What's Up in the 8th

If you're a prosecutor up here in Cuyahoga County, you might want to think twice about trying to admit 404(B) evidence in a rape case.  And if you're a trial judge here, you might want to think twice about admitting it.  Last week, for the second time in a month, the 8th District reversed a rape conviction because of improper "other acts" testimony.

In State v. Hartman, the earlier case, we learn, as we suspected all along, that putting one's penis in the mouth of a sleeping woman is rape; sleep, for that purpose, constitutes "substantial impairment."  Hartman argues that the woman wasn't sleeping, and is claiming rape because she doesn't want her boyfriend to know that she was fooling around.  That's a pretty tough sell in light of some other evidence, but the State nonetheless decides to bolster its case by presenting the testimony of Hartman's former stepdaughter.  She tells the jury that four years earlier, when she was 12, Hartman came into her room and, while she pretended to be asleep, touched her breasts, attempted to touch her vagina, and put her hand on his penis.

While normally the State can't introduce evidence of similar acts by a defendant, EvidR 404(B) allows it to in certain circumstances:  to refute a defense of accident or mistake, to prove identity, to show the defendant's motive, opportunity, or intent to commit the crime, or to demonstrate a purpose, preparation, or plan to commit the crime.  The State argues identity, motive, and plan.

None of this works with the majority.  (Hartman seemingly defies the laws of mathematics:  the three judges produce four opinions, two of which are majority opinions.  Go figure.)  Identity was never at issue; Hartman claimed the sex was consensual, not that someone else did it.  It doesn't take too much to figure out what the motive is for a sexual assault:  sex.  The common plan or scheme doesn't go anywhere, either; the majority notes that this is relevant to identity, if the details in both cases are sufficient to show a "behavioral fingerprint."  But again, identity isn't at issue.
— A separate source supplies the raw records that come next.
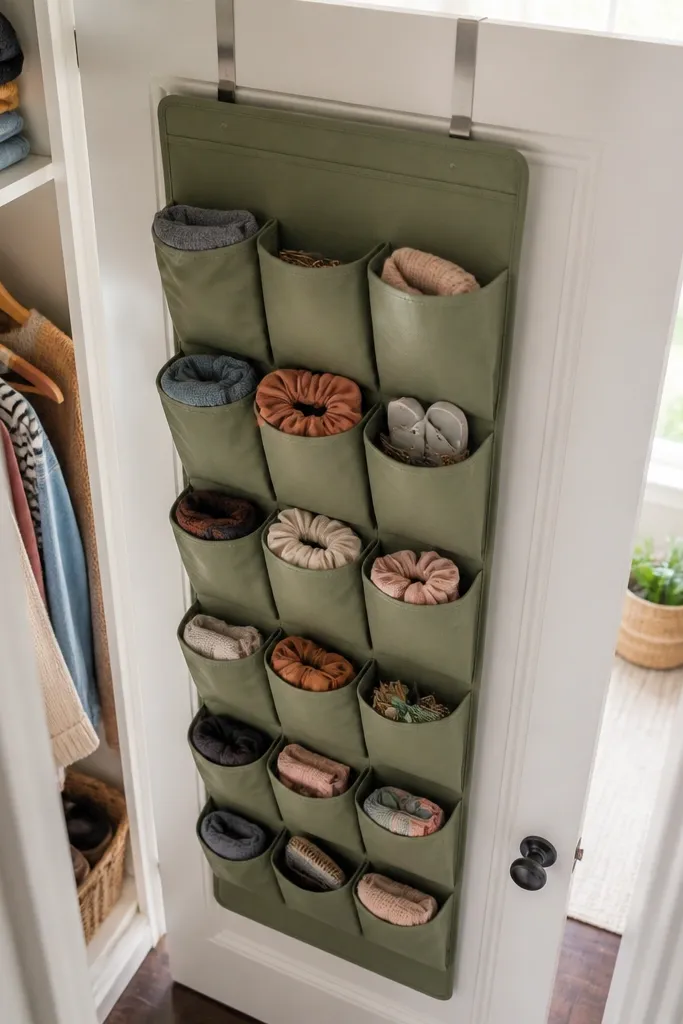 Over-the-door organizer with neat fabric sleeves in matching colors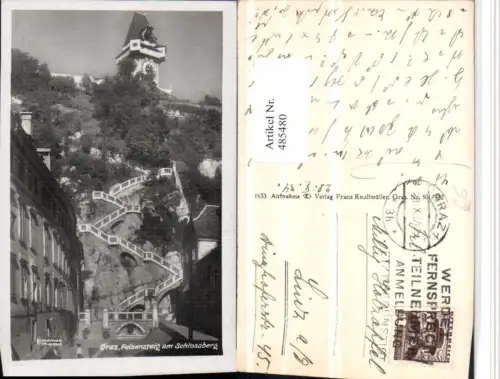 485480,Graz Felsensteig am Schlossberg Uhrturm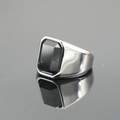 Polished silver ring for men with a large rectangular black onyx gemstone on mirror surface - US 7 / Steel Setting Black Stone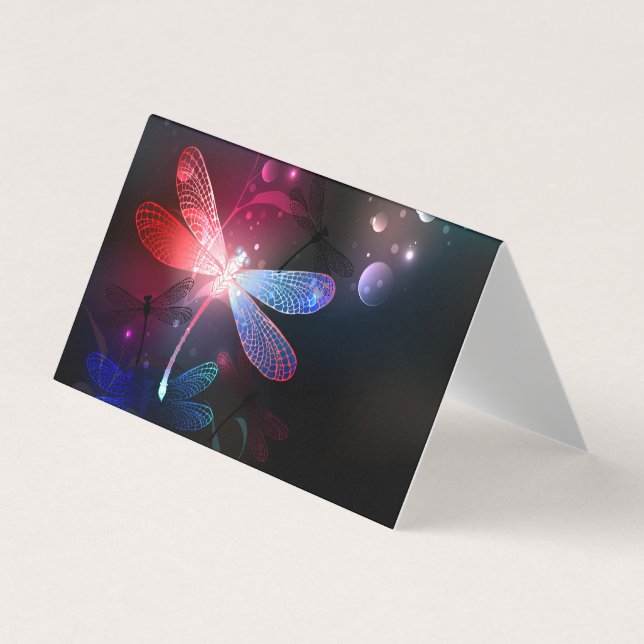 Glowing red dragonfly business card (Front)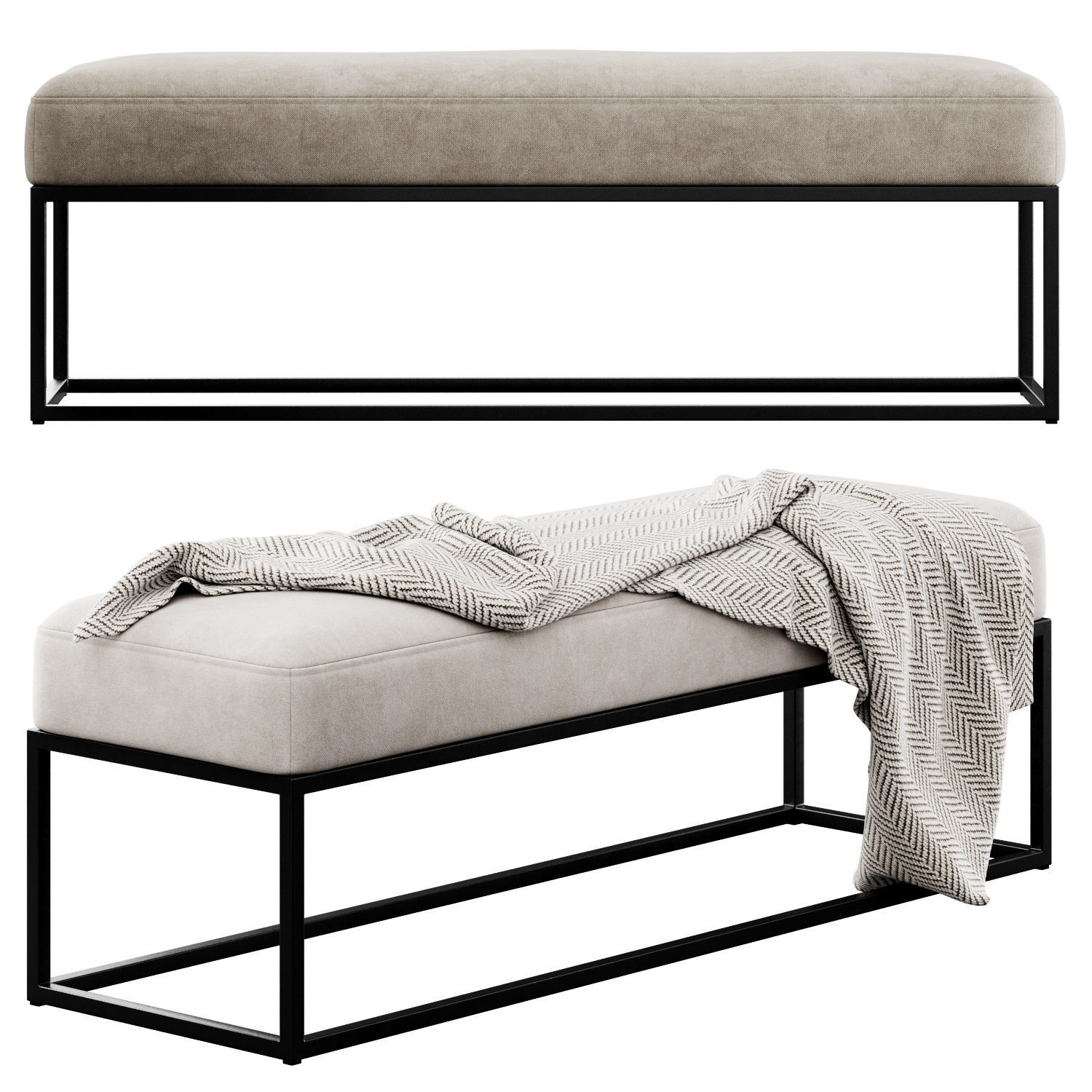 Millie Bench By Pottery Barn 3D model_1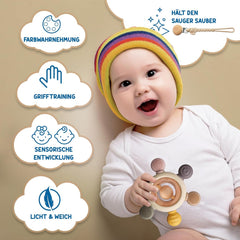 Inel de dentiție pentru bebeluși cu lanț pentru suzetă - ajutor pentru dentiție - jucărie pentru bebeluși 0-6 luni - articole esențiale pentru nou-născuți - jucărie de dentiție, fără BPA - idei de cadouri pentru sugari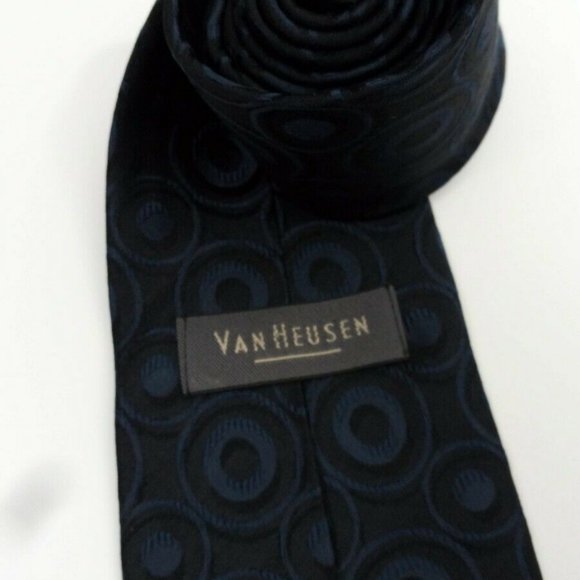 Van Heusen Blue and Black Geometric Circles Tie - Picture 4 of 5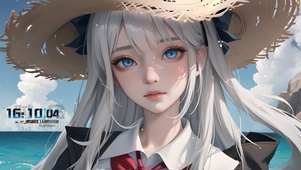海边草帽少女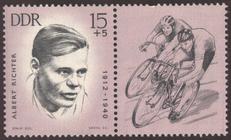 Briefmarke zu Deutsche Demokratische Republik (DDR) Erhaltung der Mahn- und Gedenkstätten: ermordete Sportler 10+5 Pfg mattgelboliv/schwarz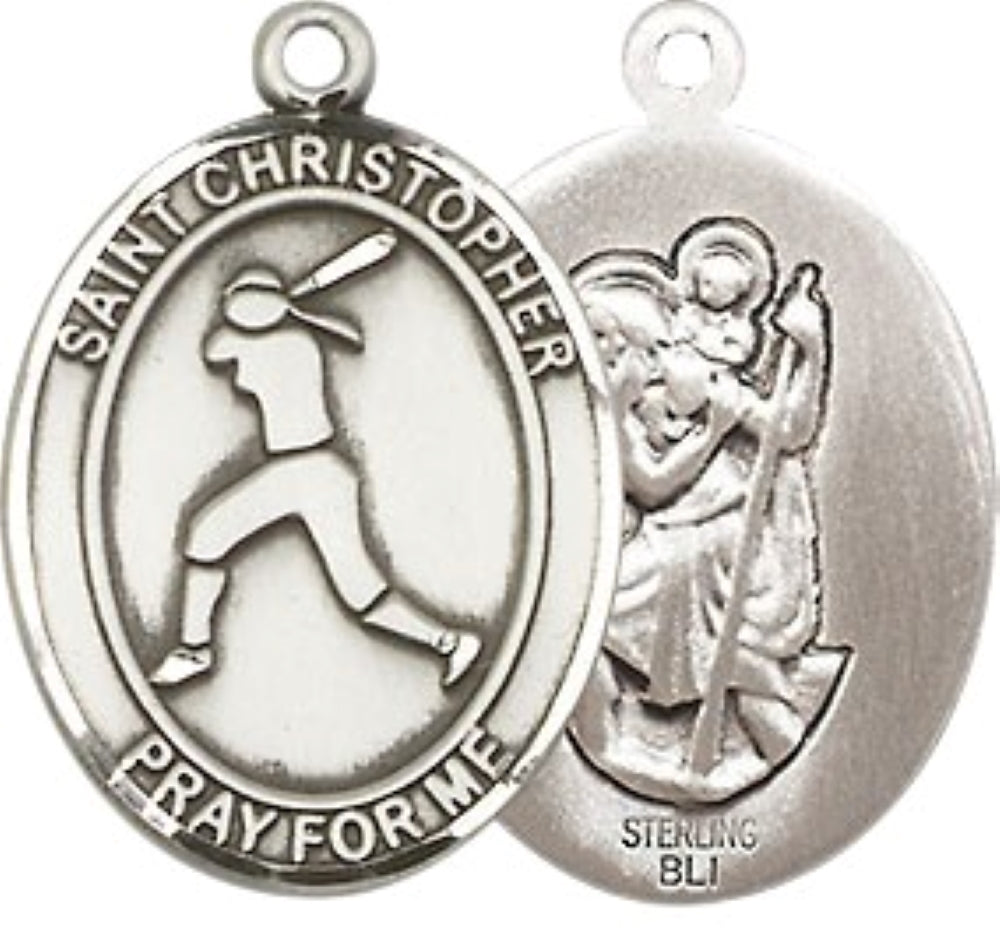Medium Men's .925 Sterling Silver Saint St. Christopher Softball Medal Pendant on 24 Inch Endless Rhodium Plated Heavy Curb Brass Chain, Catholic Religious Necklace - Made in USA- Deluxe Velvet Gift Box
The opinion's probably strongest in the last part of the required analysis for 404(B) evidence:  whether the probative value is outweighed by the prejudicial effect.  As the majority points out, not only does the other evidence paint Hartman as a repeat sex offender, but as a pedophile as well.

There's another takeaway from Hartman that is especially significant.  In its instructions on how to use 404(B) evidence, the court told the jury that it could use it to show any of the enumerated purposes in the rule.  That's error, says the majority:  "the instruction should have articulated the specific basis upon which the jury could consider the other acts evidence ... it created the risk that the jury considered the other acts evidence for a purpose that had no basis in evidence."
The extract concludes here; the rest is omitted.